Originally Posted by GarCastle
It sounds like we will stick with the design overall, it's just a matter of whether the back/train-side tower goes up with the core and front tower, or later. Even if the front tower is say 20 floors, we may only "build out" 15 floors if we come up with ungodly costs per floor.
This is another [probably unwelcome] comment from a perennial cynic, but the fact that Penn would even entertain this idea infuriates me. This piecemeal approach to architecture is exactly the reason why HUP and the Perelman Center are so disastrously disjointed and confusing. Instead of laying out a well-defined development plan and following it, administrators keep makes changes, adjustments, and incongruous additions. In the end, we get a Frankenstein-ian jumble which is a sorry excuse for a medical campus.
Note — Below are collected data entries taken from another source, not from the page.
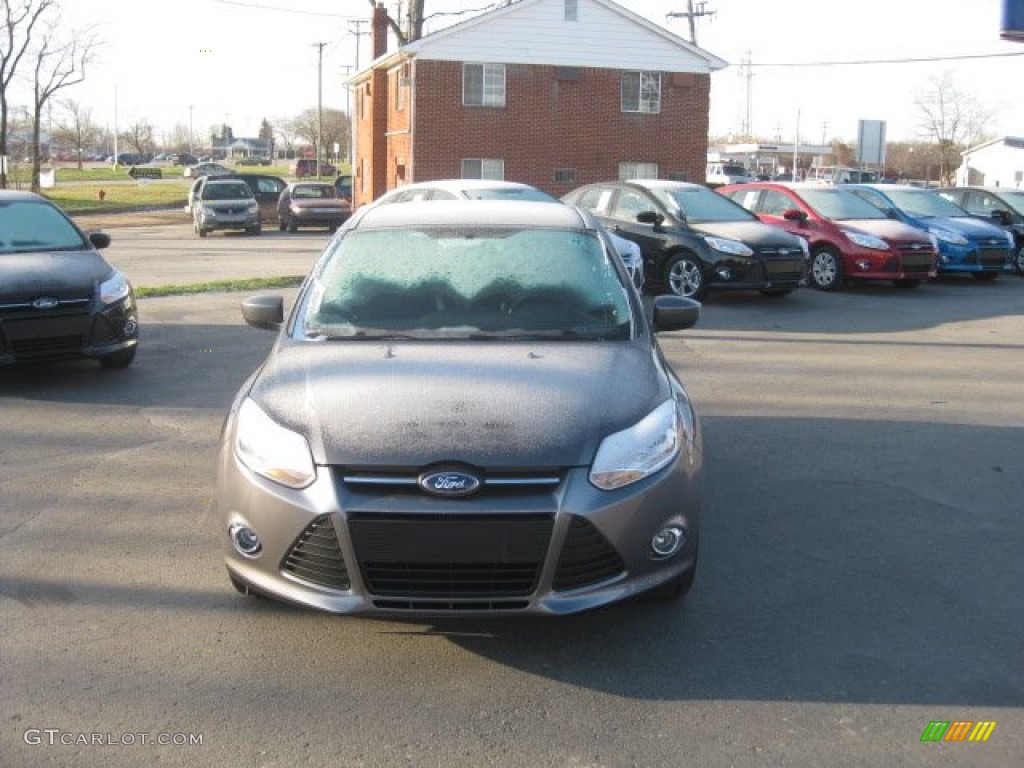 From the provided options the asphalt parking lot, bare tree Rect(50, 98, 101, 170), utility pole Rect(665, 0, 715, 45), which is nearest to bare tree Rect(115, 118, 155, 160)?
bare tree Rect(50, 98, 101, 170)

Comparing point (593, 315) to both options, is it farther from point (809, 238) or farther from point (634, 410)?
point (809, 238)

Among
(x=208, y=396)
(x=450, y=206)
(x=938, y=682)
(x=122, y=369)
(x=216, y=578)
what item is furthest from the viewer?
(x=122, y=369)

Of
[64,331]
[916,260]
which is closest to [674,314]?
[64,331]

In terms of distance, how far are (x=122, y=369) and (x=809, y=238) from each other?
10.7 m

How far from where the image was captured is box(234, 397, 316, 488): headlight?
3895mm

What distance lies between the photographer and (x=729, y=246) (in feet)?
47.0

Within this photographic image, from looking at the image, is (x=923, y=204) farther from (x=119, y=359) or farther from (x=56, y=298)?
(x=56, y=298)

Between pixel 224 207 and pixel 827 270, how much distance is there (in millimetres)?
19488

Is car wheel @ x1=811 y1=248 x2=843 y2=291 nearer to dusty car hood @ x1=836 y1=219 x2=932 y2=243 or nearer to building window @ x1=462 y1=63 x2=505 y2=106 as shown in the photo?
dusty car hood @ x1=836 y1=219 x2=932 y2=243

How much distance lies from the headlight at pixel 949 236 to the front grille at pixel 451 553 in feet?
52.2

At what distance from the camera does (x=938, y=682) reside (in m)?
3.91

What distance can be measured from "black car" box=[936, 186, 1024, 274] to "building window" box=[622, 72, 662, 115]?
45.6 feet

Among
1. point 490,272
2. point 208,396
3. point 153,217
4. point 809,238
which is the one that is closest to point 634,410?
point 490,272

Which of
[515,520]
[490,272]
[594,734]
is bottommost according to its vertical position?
[594,734] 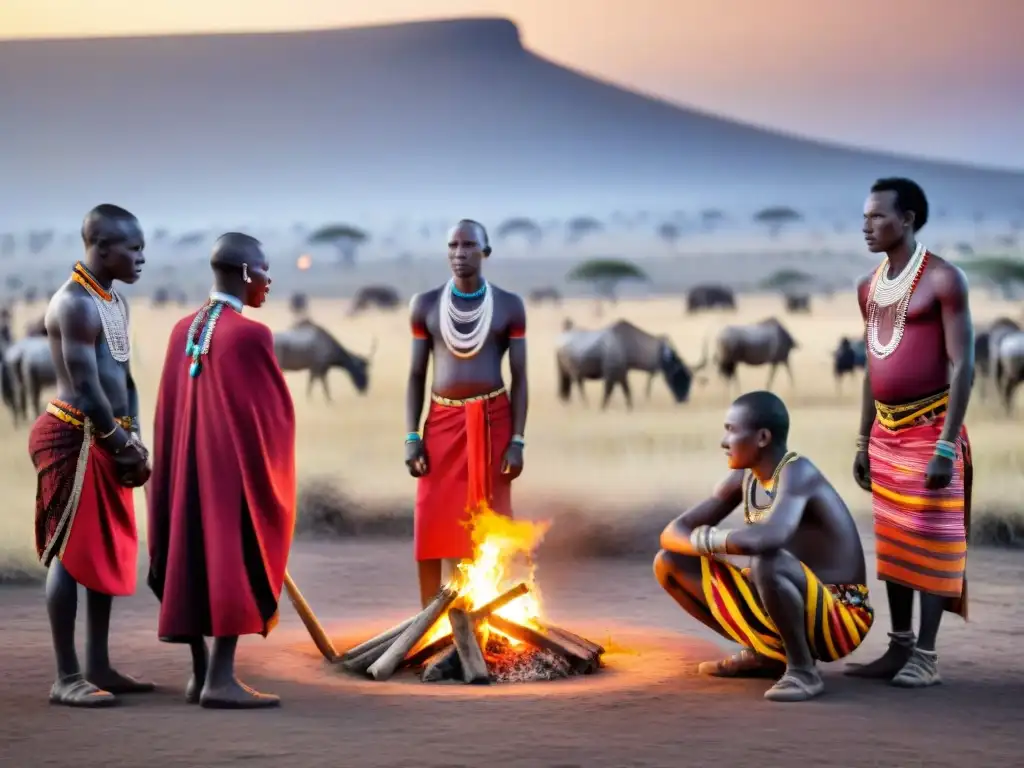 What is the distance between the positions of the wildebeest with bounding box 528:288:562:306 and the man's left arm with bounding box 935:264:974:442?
7.53 m

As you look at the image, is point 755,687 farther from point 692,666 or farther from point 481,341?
point 481,341

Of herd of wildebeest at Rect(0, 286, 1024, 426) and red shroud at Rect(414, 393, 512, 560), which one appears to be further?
herd of wildebeest at Rect(0, 286, 1024, 426)

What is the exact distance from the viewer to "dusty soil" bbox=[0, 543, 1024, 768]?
5156 millimetres

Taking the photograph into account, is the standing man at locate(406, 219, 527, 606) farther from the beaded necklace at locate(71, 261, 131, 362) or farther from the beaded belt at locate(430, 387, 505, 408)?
the beaded necklace at locate(71, 261, 131, 362)

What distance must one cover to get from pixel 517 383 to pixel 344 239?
6962 mm

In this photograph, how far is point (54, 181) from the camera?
1348cm

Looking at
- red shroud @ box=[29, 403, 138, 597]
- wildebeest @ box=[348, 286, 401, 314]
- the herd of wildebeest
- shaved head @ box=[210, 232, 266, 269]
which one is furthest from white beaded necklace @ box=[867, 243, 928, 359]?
wildebeest @ box=[348, 286, 401, 314]

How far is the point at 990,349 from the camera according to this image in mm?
12523

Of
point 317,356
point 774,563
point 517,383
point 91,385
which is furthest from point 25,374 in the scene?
point 774,563

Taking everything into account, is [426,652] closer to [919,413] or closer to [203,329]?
[203,329]

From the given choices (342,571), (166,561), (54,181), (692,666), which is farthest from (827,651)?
(54,181)

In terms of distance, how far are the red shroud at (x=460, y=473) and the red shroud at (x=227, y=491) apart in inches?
52.9

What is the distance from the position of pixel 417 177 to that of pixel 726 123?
2.55 metres

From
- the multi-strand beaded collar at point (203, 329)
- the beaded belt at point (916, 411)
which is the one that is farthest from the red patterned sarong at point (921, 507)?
the multi-strand beaded collar at point (203, 329) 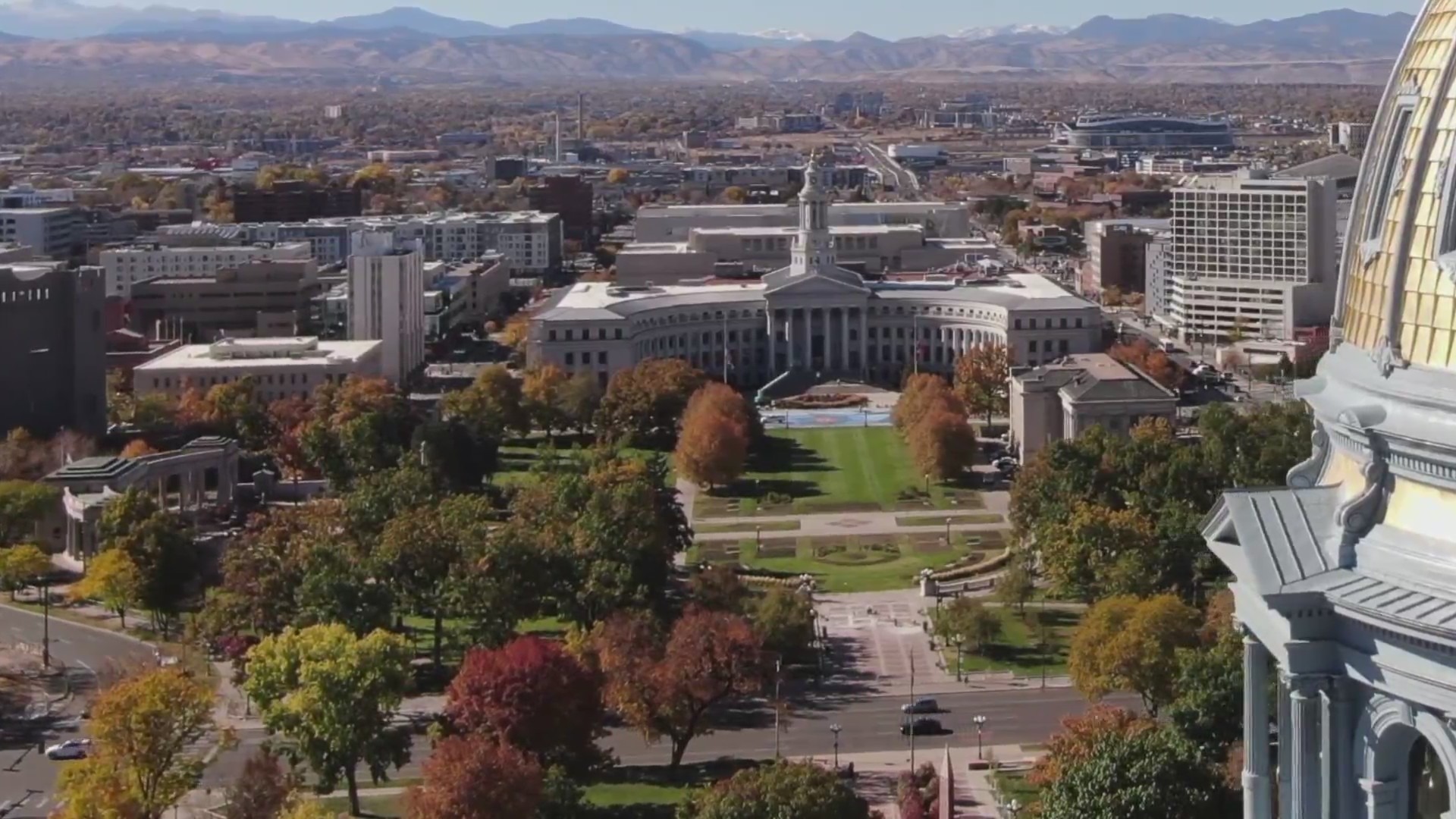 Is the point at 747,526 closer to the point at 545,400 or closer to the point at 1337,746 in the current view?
the point at 545,400

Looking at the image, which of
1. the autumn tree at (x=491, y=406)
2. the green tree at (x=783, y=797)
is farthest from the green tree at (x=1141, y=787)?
the autumn tree at (x=491, y=406)

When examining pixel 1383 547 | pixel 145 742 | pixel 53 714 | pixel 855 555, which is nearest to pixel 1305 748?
pixel 1383 547

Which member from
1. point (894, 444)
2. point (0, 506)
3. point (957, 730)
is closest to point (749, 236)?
point (894, 444)

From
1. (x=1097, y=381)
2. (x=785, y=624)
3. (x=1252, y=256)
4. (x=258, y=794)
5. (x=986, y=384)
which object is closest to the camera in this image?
(x=258, y=794)

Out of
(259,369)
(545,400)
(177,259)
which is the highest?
(177,259)

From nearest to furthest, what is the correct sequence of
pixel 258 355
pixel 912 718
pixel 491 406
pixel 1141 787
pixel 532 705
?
1. pixel 1141 787
2. pixel 532 705
3. pixel 912 718
4. pixel 491 406
5. pixel 258 355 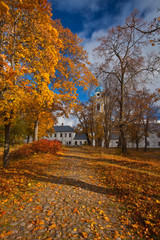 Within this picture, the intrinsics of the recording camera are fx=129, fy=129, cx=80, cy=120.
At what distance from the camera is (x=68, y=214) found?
10.4 ft

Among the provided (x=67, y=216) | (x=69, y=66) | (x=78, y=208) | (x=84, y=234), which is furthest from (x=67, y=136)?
(x=84, y=234)

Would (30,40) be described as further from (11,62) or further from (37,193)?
(37,193)

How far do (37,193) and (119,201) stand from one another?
8.51ft

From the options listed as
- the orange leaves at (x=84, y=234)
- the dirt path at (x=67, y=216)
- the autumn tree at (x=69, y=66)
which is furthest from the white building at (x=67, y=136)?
the orange leaves at (x=84, y=234)

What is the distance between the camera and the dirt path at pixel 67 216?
101 inches

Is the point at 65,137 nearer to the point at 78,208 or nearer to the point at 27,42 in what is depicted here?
the point at 27,42

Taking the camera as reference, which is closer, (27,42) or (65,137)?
(27,42)

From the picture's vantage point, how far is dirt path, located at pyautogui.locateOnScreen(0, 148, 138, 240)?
2574 mm

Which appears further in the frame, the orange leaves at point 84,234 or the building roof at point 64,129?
the building roof at point 64,129

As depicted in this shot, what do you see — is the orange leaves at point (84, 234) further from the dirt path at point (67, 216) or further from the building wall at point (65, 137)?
the building wall at point (65, 137)

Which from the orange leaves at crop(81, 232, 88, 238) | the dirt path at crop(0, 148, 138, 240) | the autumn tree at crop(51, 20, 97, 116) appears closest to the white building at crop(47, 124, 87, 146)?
the autumn tree at crop(51, 20, 97, 116)

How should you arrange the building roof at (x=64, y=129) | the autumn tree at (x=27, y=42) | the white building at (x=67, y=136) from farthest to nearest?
the building roof at (x=64, y=129), the white building at (x=67, y=136), the autumn tree at (x=27, y=42)

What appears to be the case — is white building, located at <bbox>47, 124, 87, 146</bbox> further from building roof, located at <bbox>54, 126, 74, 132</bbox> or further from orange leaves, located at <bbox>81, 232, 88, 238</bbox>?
orange leaves, located at <bbox>81, 232, 88, 238</bbox>

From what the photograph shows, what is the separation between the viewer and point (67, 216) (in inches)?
122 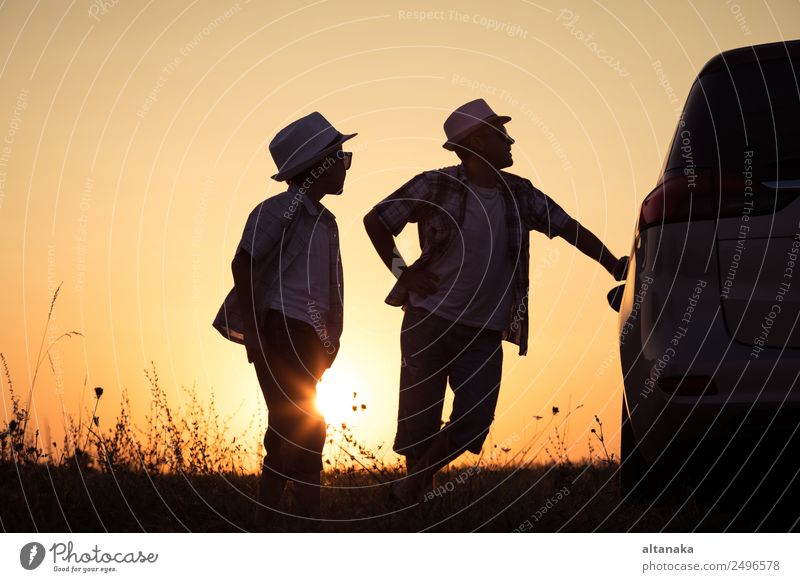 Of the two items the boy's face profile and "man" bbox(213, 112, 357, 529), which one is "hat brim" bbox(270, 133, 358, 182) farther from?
the boy's face profile

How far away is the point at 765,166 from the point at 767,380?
87cm

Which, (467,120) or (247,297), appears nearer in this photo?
(247,297)

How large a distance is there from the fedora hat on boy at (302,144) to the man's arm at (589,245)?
4.92ft

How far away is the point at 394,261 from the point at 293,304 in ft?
3.78

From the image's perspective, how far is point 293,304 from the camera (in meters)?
6.23

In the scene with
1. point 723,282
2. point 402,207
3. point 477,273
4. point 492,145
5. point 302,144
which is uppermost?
point 492,145

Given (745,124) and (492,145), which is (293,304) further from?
(745,124)

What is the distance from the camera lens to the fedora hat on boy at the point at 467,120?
7172mm

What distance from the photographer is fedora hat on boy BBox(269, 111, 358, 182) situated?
21.0 feet

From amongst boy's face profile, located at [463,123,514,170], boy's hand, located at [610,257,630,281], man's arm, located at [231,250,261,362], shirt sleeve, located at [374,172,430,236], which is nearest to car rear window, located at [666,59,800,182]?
boy's face profile, located at [463,123,514,170]

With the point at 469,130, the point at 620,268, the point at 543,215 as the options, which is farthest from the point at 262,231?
the point at 620,268

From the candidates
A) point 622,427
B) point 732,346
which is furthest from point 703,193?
point 622,427

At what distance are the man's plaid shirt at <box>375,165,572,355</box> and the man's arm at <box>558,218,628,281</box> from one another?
0.25m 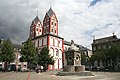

Trying to navigate HUP is a mess because it's just tiny buildings all crammed together without any grand plan. Then, when Penn Medicine had the opportunity to build a new major building, instead of learning from their mistakes with HUP, they just doubled down and made the exact same mistakes all over again. Instead of having an intelligent development plan for the Perelman Center, they just keep adding things onto it without rhyme or reason. It started with the Perelman Center, then they put the Smilow Tower on top of the Perelman Center, then they added the South Pavillion in the back, then they added the Jordan Center on top of the South Pavillion, and now they're adding the Cellular Therapeutics Center on top of the Jordan Center. Not only is it an eyesore, but it's also a confusing mess which is almost impossible to navigate for patients, and even Penn employees frequently find themselves on the wrong elevator.
If Penn tries to build its New Patient Pavilion in phases, I can almost guarantee that it's going to get mucked up by administrators and poor planning.